A survivor of multiple traumas in her past, Gauri is cold, manipulative, distant and someone who demands complete devotion and loyalty. She takes under her wing an idealistic doctor, like one she pretends to be, Saira Sabarwal under her wing. Things go off the rails as Saira played by Kirti, from the start proves to be someone who isn’t afraid of asking questions and standing up for what’s right (in the medical profession at least) and that poses a threat to Gauri’s many secrets who is her idol.
While this is the story on one side of the spectrum, on the other side is Vishal Jethwa playing Mangu a morgue assistant who wants to make big bucks and fast and enrolls himself to play an agent in a camp conducting drug trials and even offering up his parents as human guinea pigs. He arranges for many people to be tested on for a drug targeted at treating heart disease which is known to be faulty from the beginning. When he comes to realize what he has done, it is too late to make amends and landing his family into deeper trouble than ever.
How these two worlds tie together what takes the narrative of Human forward.
Human has been presented mostly as a show highlighting the socio-economic divide through the lens of medical trials. However, the show tends to put much more on its plate than it can chew. From touching on the Bhopal Gas Tragedy from an angle that adds nothing to the story to having an LGBTQ story devoid of depth running in the parallel, there’s much more going on here than you signed up for. Even Covid-19 references have been spilled here and there to make it look like a story set post pandemic but devoid of all context.
These sub-tracks draw away attention from the focal point and often drag the show. Though the performances are promising, the narrative is so bleak till the very end that it hardly makes you feel hopeful when you arrive at a finale titled ‘Justice For All’. And for the times we are all living in, desperate for a way out of the pandemic, it really doesn’t feel like a good time to question the misplaced ethics of the medical community.
The show is engaging but not devoid of its plot holes. Human shows Gauri often feeling sorry for herself and how she was neglected while being raised in an influential family because she was a once poor orphan. It is, however, never understood why she feels no compassion or responsibility for the underprivileged that fall prey to unethical trials conducted by her company or why she needs the faulty drug Saviour to get passed so desperately in the first place when her ambition lies elsewhere entirely.
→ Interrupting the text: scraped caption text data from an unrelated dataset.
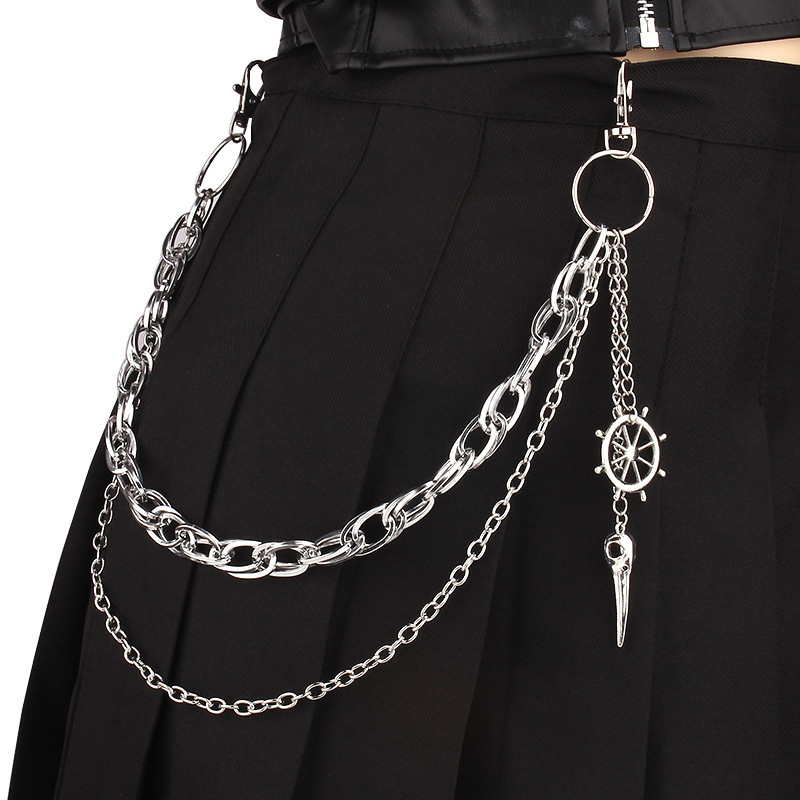 Hip-Hop Double-Layer Metal Pants Chain Women's Trendy Cool Design Skull Crow Pointed Pendant Waist Accessories Jeans Decorative Chain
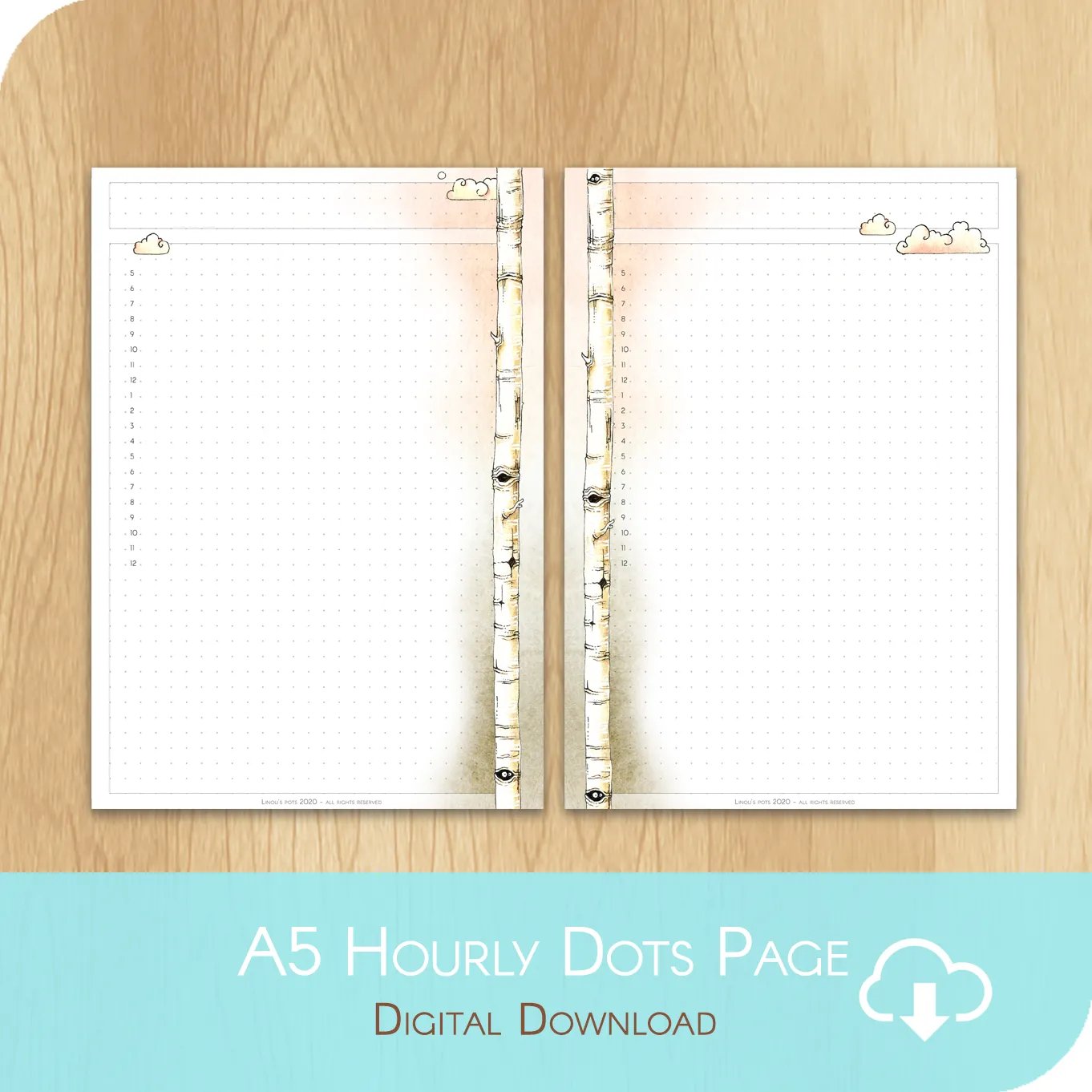 Love Is In The Air - Printable A5 Dots Hourly Page - White Version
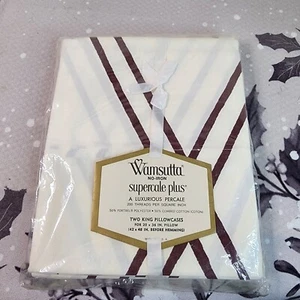 Fundas de almohada Wamsutta Supercale Plus marrones a rayas King 42x48" paquete de 2 de colección - Imagen 1 de 3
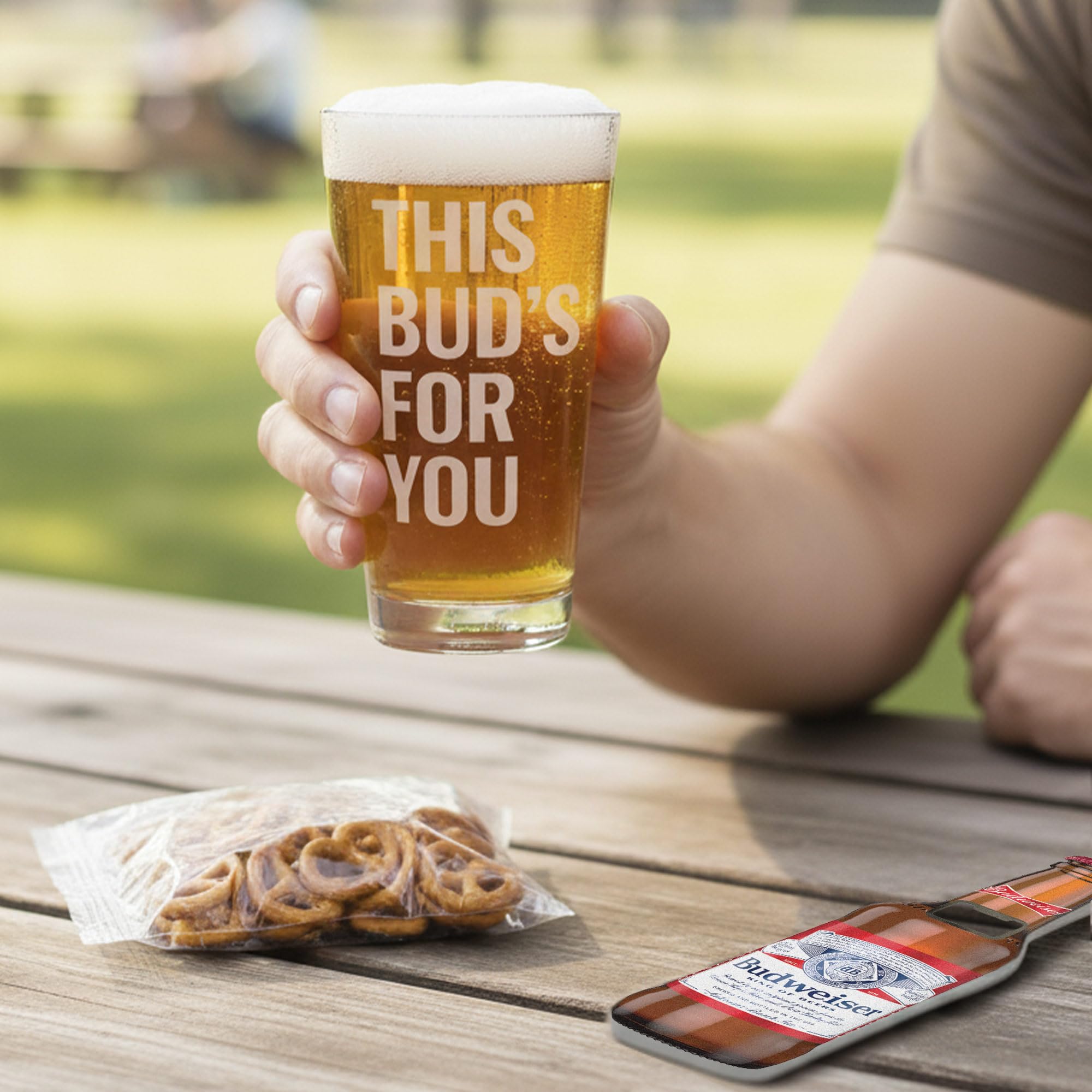 Amazon.com | Budweiser Beer Pint Glass 3 pc Gift set with Bud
While Human leaves a trail of such questions to push the plot, it never really believes in ever coughing up explanations.
As far as performances go, Shefali Shah effortlessly turns sinister with her voice just above a whisper and her unaffected and distant attitude. She distinctly switches between two personas and aces them both. Kirti Kulhari does a commendable job of seconding Shefali when her character is not pushed to the extreme ends of being dramatic.
Ram Kapoor playing Gauri’s ambitious husband is given little to do but he certainly doesn’t let his precious minutes go to waste. Aditya Srivastav is believably desperate and calculative as a pharma company owner. Vishal Jethwa perhaps deserves special applause for his transformative ability as he plays a dreamy-eyed Mangu from the slums whose life is turned around by the drug trials but just not how he expected it. Seema -biswas/"> Seema Biswas and Indraneil Sengupta also do an effective job in whatever little they are handed but the performances are not the issue and you’d know that even if going through the list of cast members.
Like the protagonist of the series, Human is over ambitious and too bleak in its own unique space. It is a task pushing yourself through it and by the end it hardly balances out for the story it aims to be.